◆ Task brief ◆
Go to the line with "罗斐然2025高三高考语文密训班：助力高考语文提升" in the entries below and write out every line from there through the line with "ELMAS 1/12 BMW", exactly and without pictures.

◆ Provided information ◆

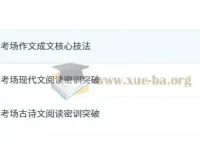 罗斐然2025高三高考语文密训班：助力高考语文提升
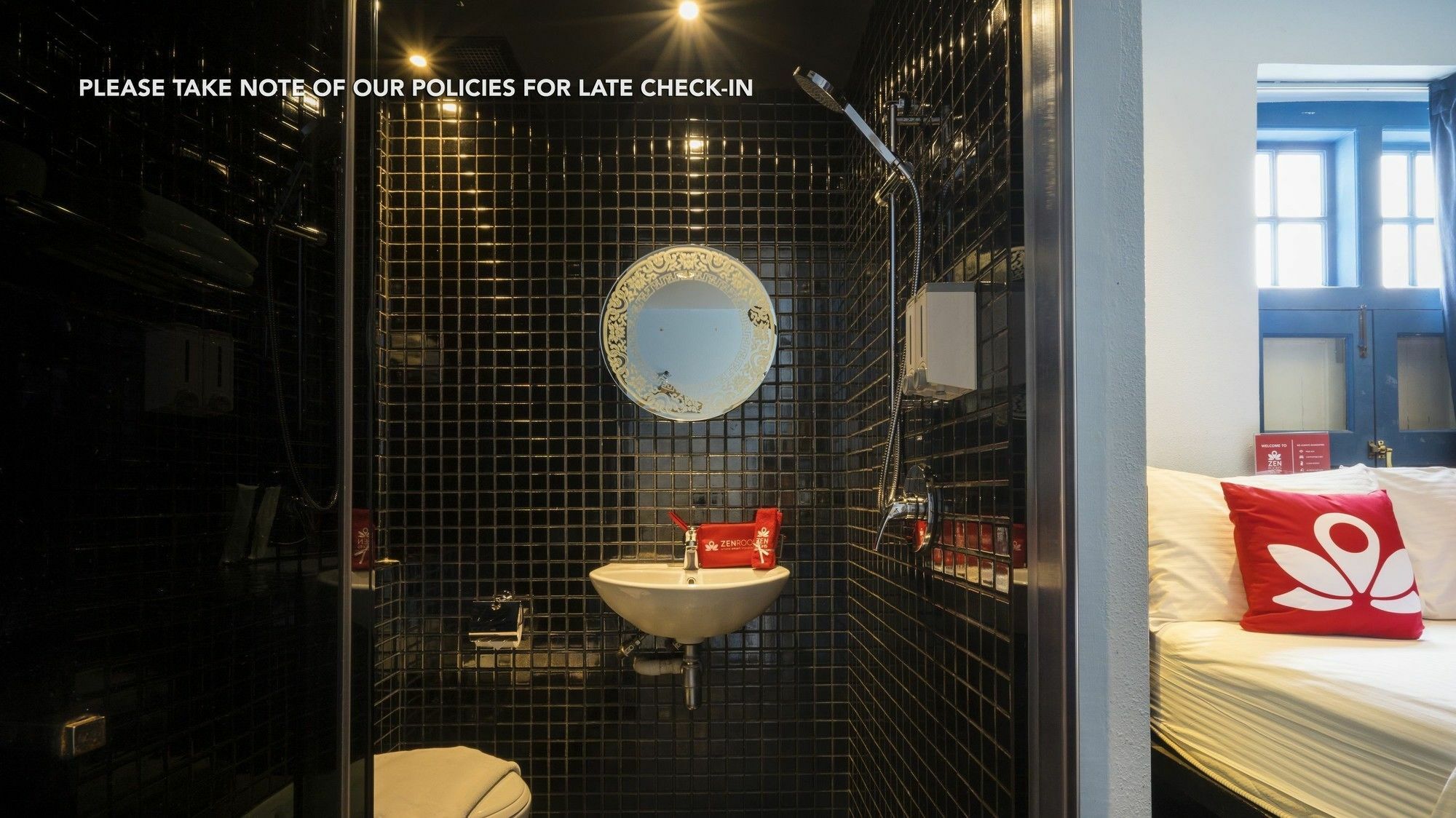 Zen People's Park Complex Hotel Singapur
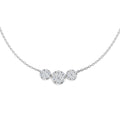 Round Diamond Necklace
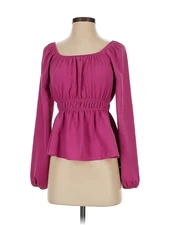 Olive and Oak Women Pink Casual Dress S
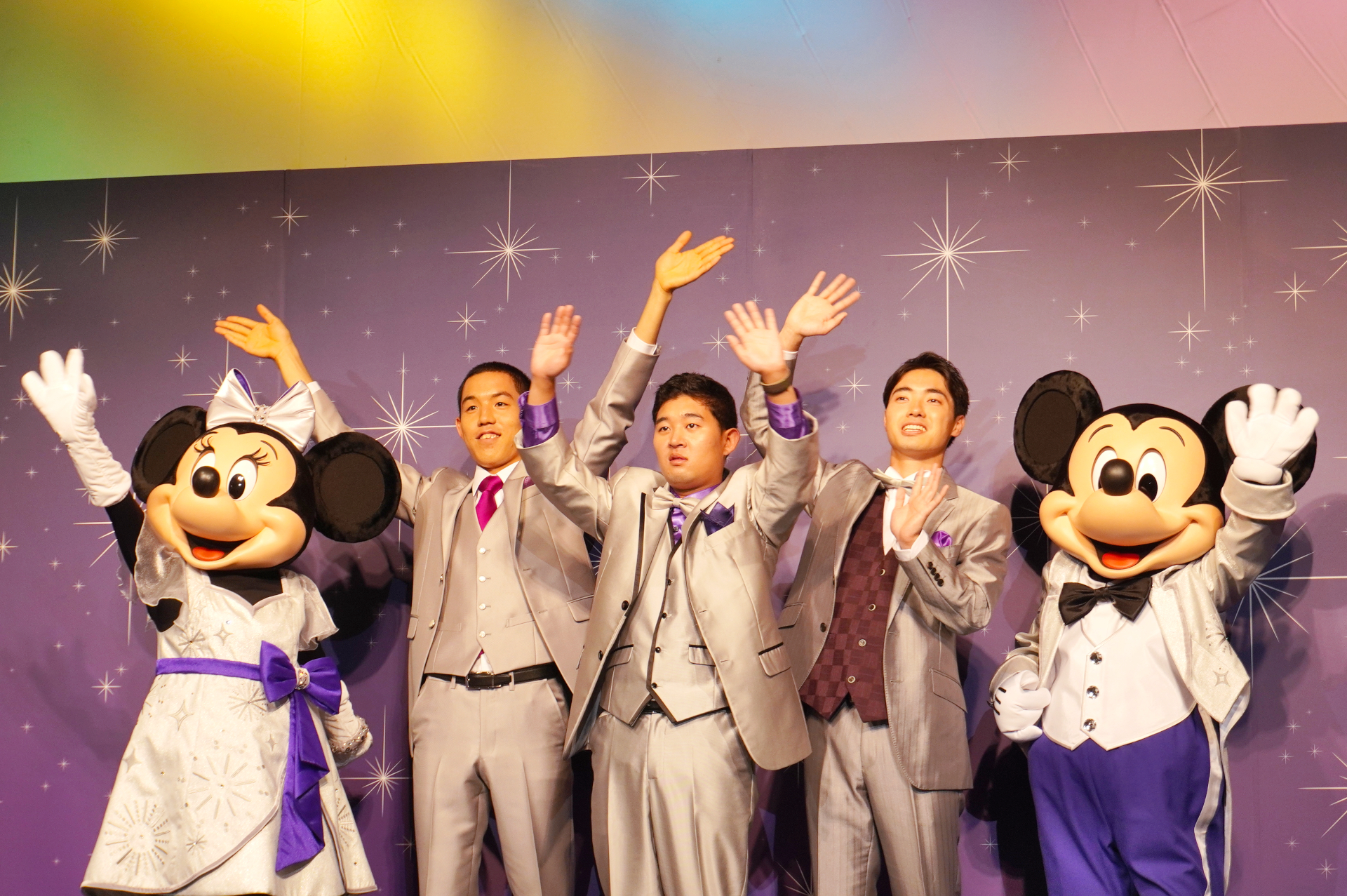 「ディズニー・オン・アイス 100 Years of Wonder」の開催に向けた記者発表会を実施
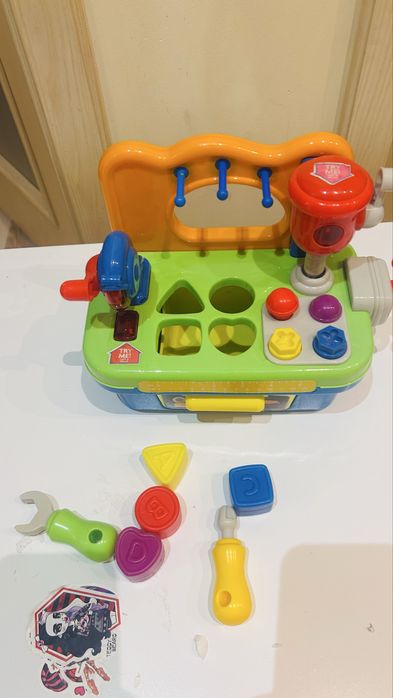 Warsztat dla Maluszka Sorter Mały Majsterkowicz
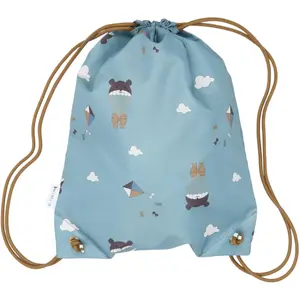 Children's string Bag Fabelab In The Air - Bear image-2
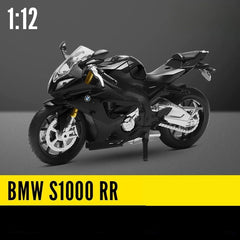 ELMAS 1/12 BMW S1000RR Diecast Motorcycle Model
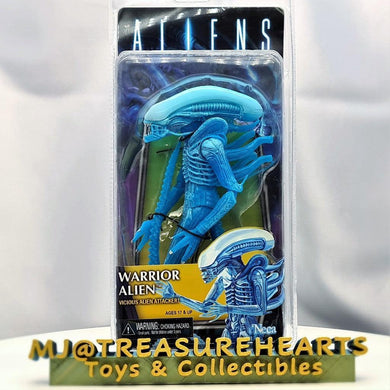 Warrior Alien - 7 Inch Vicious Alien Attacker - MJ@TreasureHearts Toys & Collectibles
--
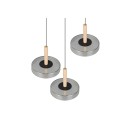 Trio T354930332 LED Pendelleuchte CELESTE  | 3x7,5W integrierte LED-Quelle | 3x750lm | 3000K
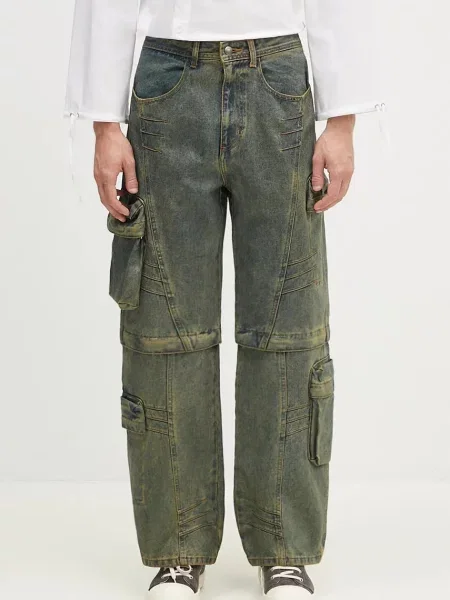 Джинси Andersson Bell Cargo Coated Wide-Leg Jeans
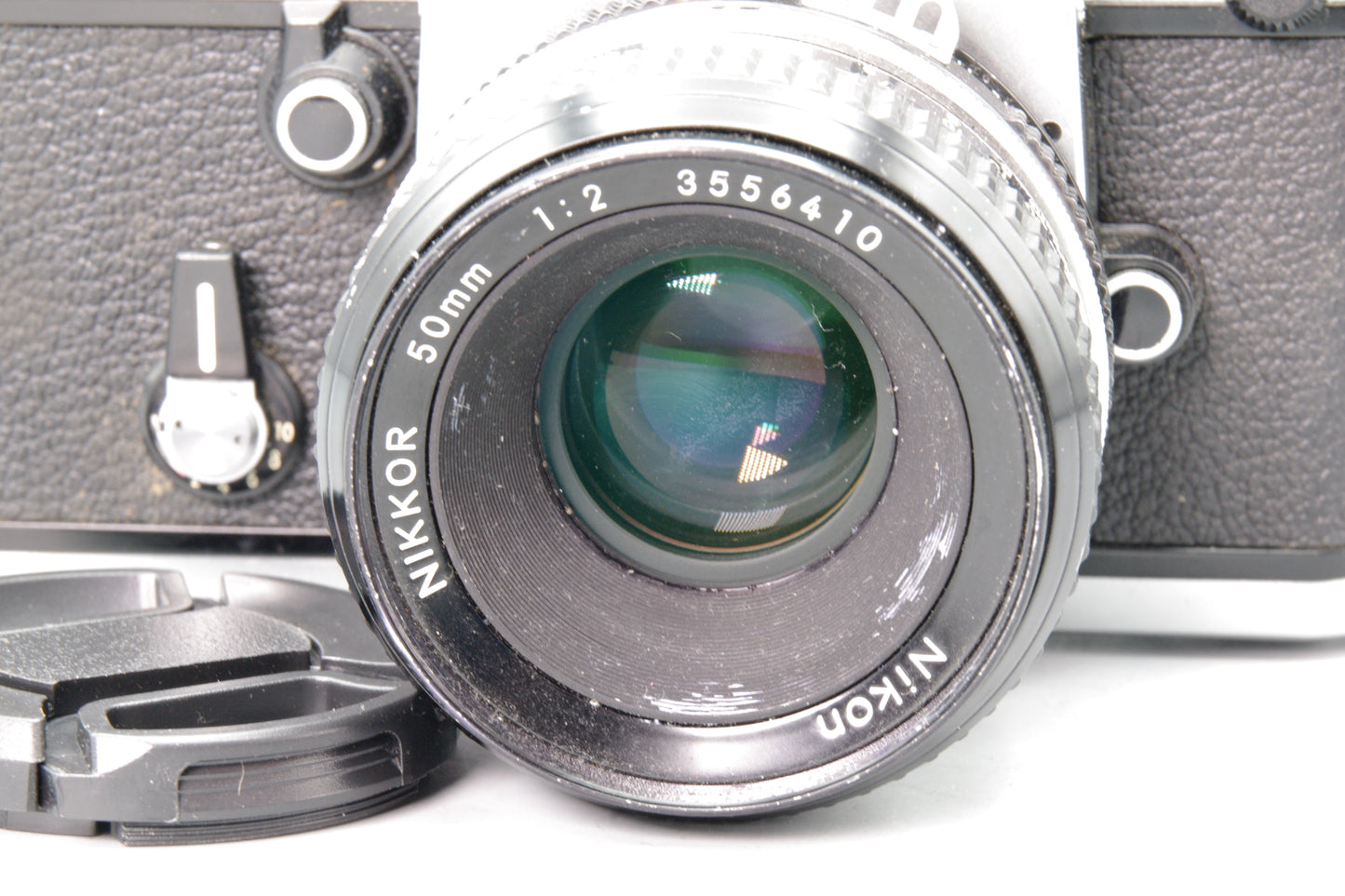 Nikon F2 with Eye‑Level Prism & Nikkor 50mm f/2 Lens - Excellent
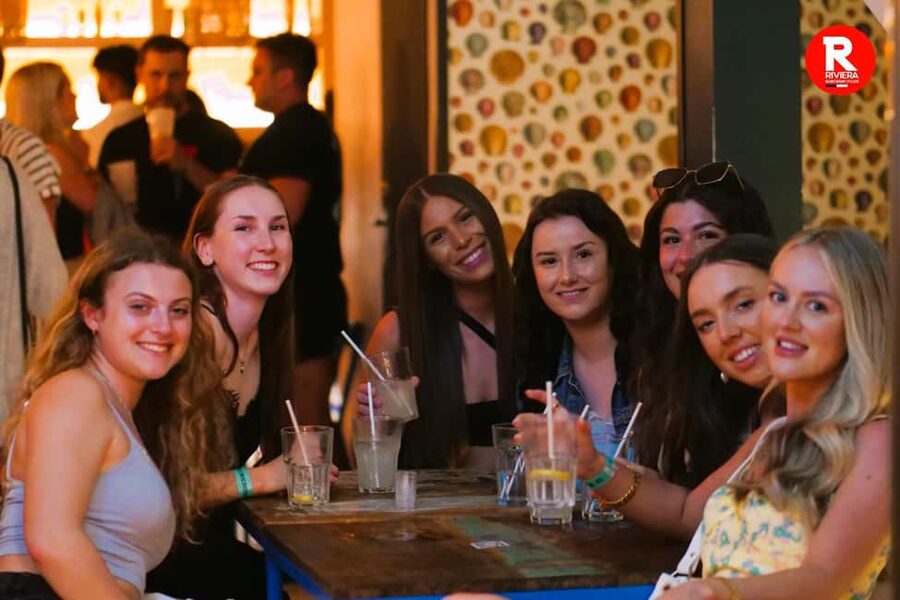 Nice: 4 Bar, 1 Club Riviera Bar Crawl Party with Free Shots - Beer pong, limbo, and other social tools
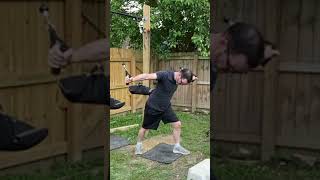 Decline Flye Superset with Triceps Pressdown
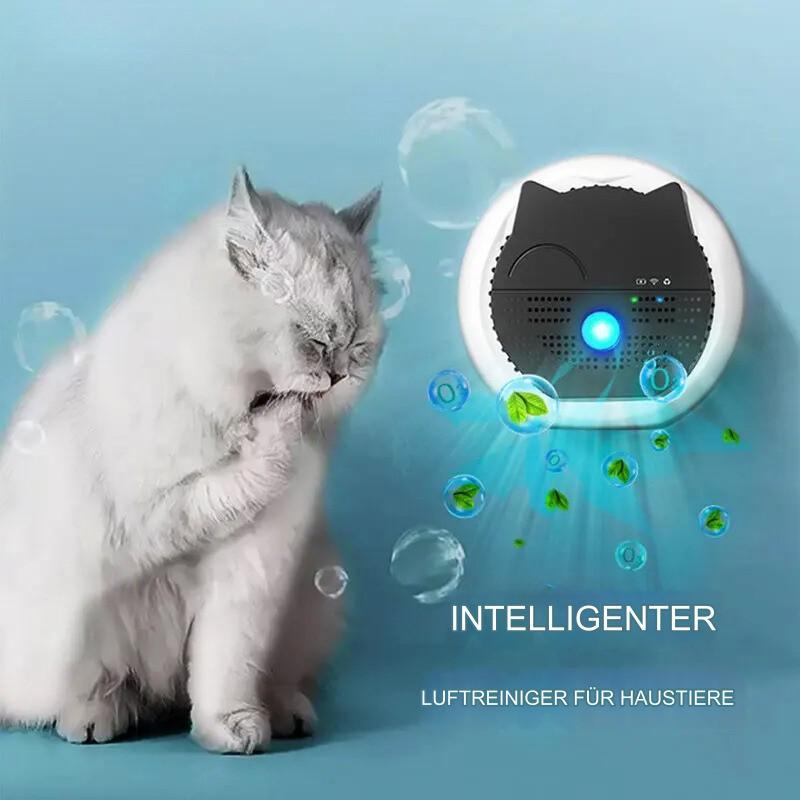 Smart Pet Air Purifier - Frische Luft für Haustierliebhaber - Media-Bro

◆ Exercise response ◆
 罗斐然2025高三高考语文密训班：助力高考语文提升
 Zen People's Park Complex Hotel Singapur
 Round Diamond Necklace
 Olive and Oak Women Pink Casual Dress S
 「ディズニー・オン・アイス 100 Years of Wonder」の開催に向けた記者発表会を実施
 Warsztat dla Maluszka Sorter Mały Majsterkowicz
 Children's string Bag Fabelab In The Air - Bear image-2
 ELMAS 1/12 BMW S1000RR Diecast Motorcycle Model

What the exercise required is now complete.